Video Review: Art Criticism

Greenberg on Art Criticism: An Interview by T.J Clark
Writing about the visual arts is much more challenging than writing about literature or music according to Greenberg.
Greenberg looks up to Tovey as a critic to remind himself he must remain relevant. Music critics must remain formalist they have no other choice because of the technicalities of it, visual art is different.
There are prejudices in art criticism, especially with modern art and its ‘unfixed notion’ of mainstream.
Many critics have acquired prejudices; but Greenberg states that a critic must stay receptive and open to any art, and even abstract art which he does not like has been some of the best art.
He can take his personal taste and puritanism out of the picture when criticizing a piece of art.
Great critics from the past were not philosophical but knew the nature of the value judgment. The value judgment is intuitive.
You place limit on nothing other than relevance which is a guideline rather than limit.
Certain artists prove themselves, not modern art globally.
He does not desire to discuss history when critiquing art but rather on aesthetics.
Art criticism of modern are can be a physical science. Not a science but relevant in something approaching that way. Criticism must involve some kind of argument
Stay AESTHETIC! It can be about the basis of the critic’s judgment.
There isn’t always more to be said that there is to say at first. Young critics want to fill in the pages; that’s not necessary.

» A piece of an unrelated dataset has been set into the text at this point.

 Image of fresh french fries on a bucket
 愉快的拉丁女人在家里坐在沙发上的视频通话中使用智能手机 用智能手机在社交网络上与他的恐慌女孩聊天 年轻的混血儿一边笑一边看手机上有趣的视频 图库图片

Greenberg on Pollock: An Interview by T. J. Clark
When Greenberg met Pollock, Pollock’s future wife told him he would be a great painter.
Pollock painted his first splatter drip piece in 1947. Pollock wanted to paint large, movable pictures that will function between the easel and the mural.
Pollock hates easel paintings, but his own paintings remained easel paintings until the last of his career.
His paintings were transitional works from the easel to the mural.
Size was not the most distinct thing in Pollock’s historical paintings, it was the outside the boxed characteristic of modern paintings; he moved away from containment and orderliness.
The only demand Greenberg makes on art is that it be ‘good art.’
Some of Pollock’s paintings simply failed to the eye and even Pollock rejected them.
Pollock choose his particular way of applying paint to canvas because of the way the paint broke the plane, or how the paint "cut." The technique was a way to release the requirements of his wrist, elbow, and shoulder.
Pollock’s ‘drip’ paintings can be characterized as Apollonian rather than Dionysian.
No one has successfully explained what makes a painting succeed or fail.
Artists of his day, as well as Pollock himself, felt isolated and alone in the art world and the world at large. Even though several museums bought his paintings, Pollock remained a solitary figure.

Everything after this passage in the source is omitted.